Their eyes met in the mirror. His smile. That too was gentle and self-assured. She thrust out a sulky bottom lip.
‘As quickly as I can, Liebling.’
No-one said ‘darling’ the way he did. Liebling. In his strange accent and with that singing intonation that had almost made her like the German language again.
‘On the evening flight tomorrow, I hope,’ he said. ‘Will you be there to meet me?’
She couldn’t stop herself smiling. He laughed. She laughed. Damn him, he always managed it.

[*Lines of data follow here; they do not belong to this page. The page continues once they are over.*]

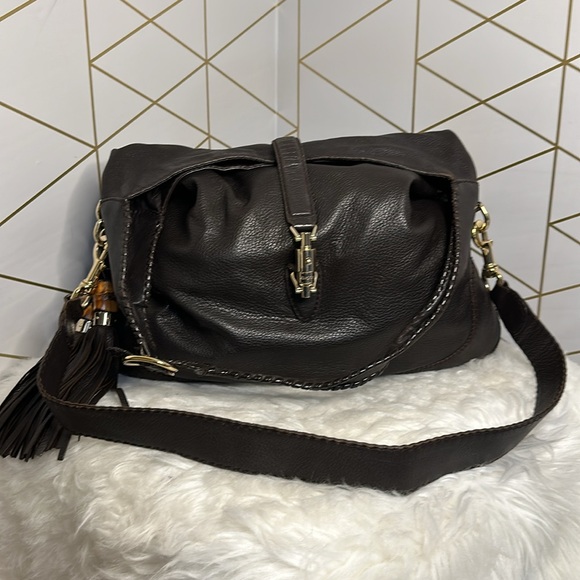💯Authentic Gucci Hobo Leather Handbag🍀 - Picture 15 of 16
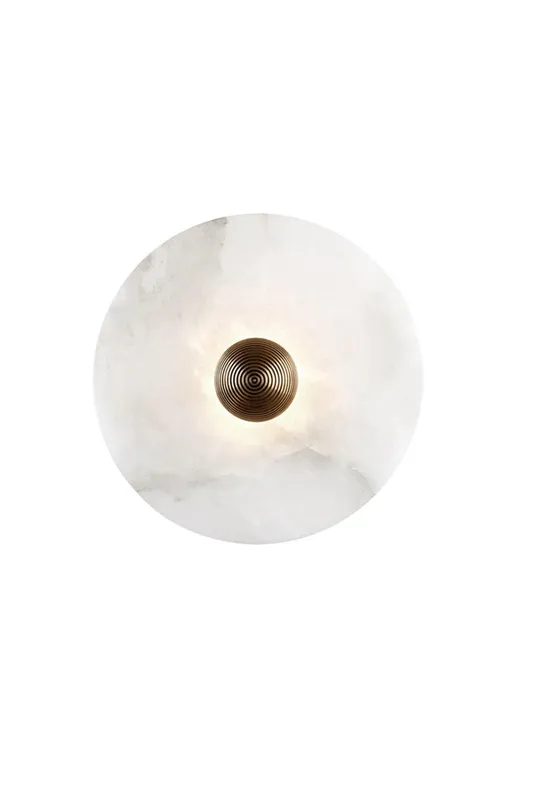 Round Alabaster Wall Lamp — Samu Lighting LED Troffers & Panels 20.0W 3000K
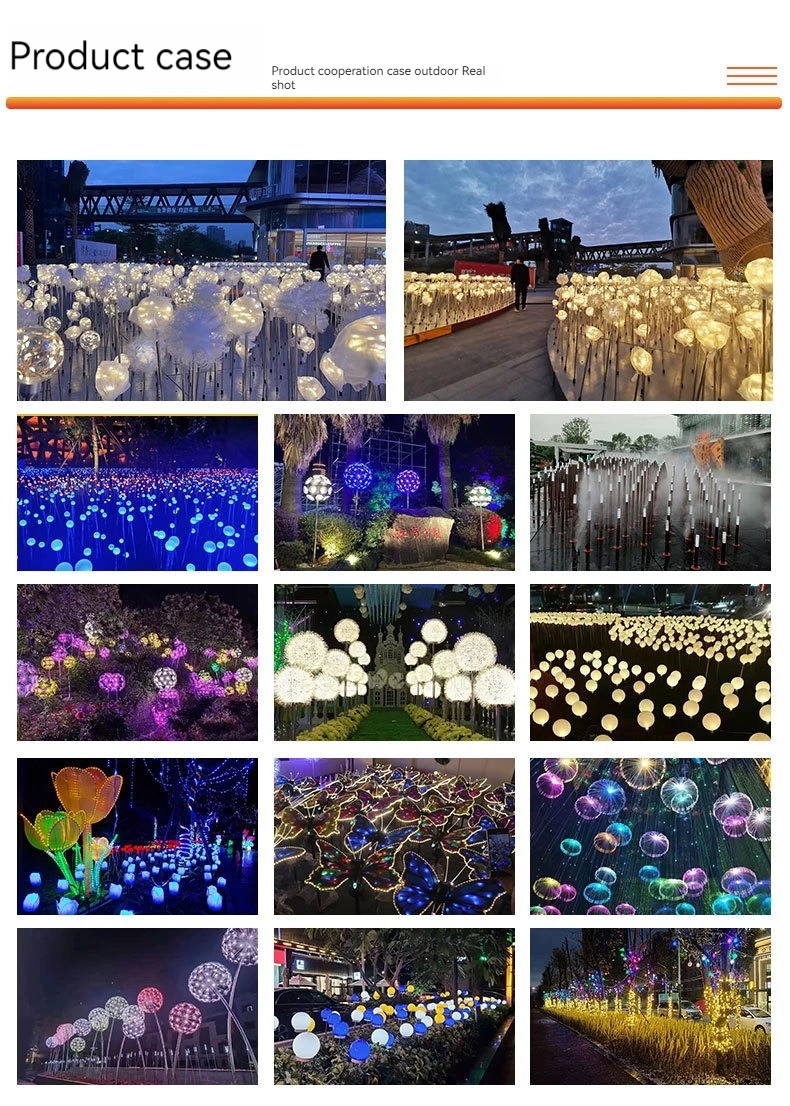 Garden Courtyard Decoration Outdoor Landscape Lighting LED Tulip Flower Lamp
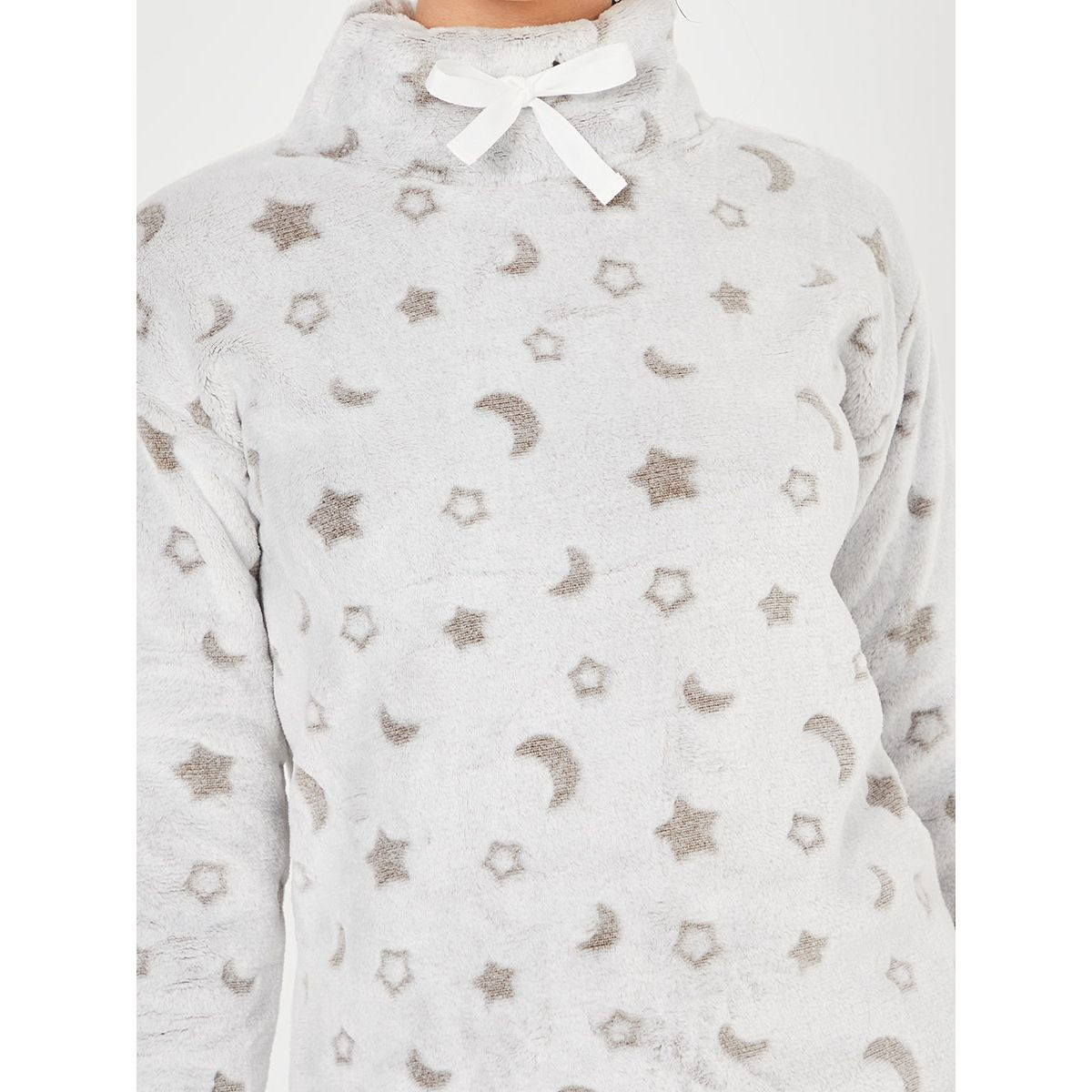 طقم بيجاما من ( بلوزة + بنطال ) من ستايلي-women-clothing-nightwear-pyjamas-longsets-image-3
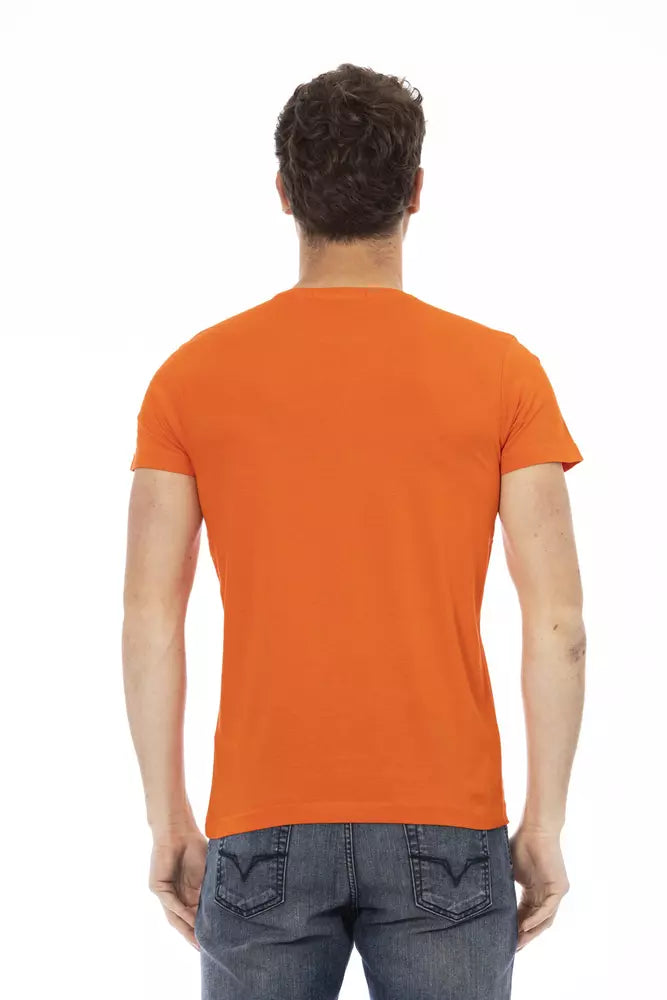 Trussardi Action Orange Cotton Men's T-Shirt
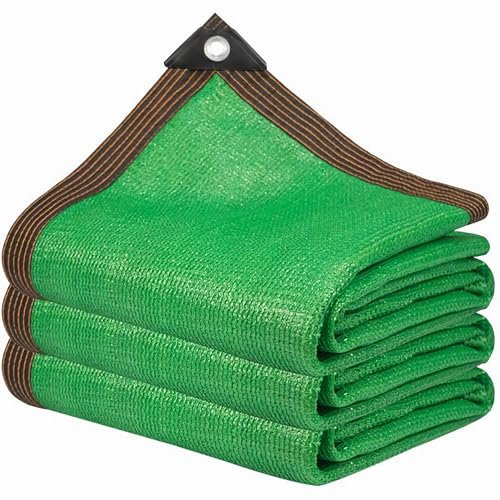 CAQXAQP Vert Filet d'ombrage Balcon Voile d'ombrage Rectangulaire,2X4m Toile Ombrage Exterieur Filet Protection Solaire 85% Anti UV pour Patio Protection Jardin Serre Pergola Potager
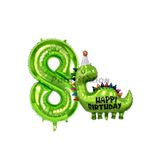 Parti Station Dinozor Yeşil 8 Yaş Balon Set PSHBDİNOY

‘I’m sure you’ve got a throng of women waiting for you in Oslo,’ she said.
‘I hope so.’
He buttoned up his waistcoat and took his jacket off the hanger in the wardrobe.
‘Did you iron the handkerchiefs, Liebling?’
‘I put them in your suitcase with the socks,’ she said.
‘Excellent.’
‘Have you got a rendezvous with any of them?’
He laughed, went across to the bed and bent down over her.
‘What do you think?’
‘I don’t know.’ She put her arms around his neck. ‘I think there’s a woman’s scent on you every time you come home.’
‘That’s because I’m never away long enough for your scent to fade, Liebling. How long ago is it now since I first discovered you? Twenty-six months. I’ve had your scent on me for twenty-six months now.’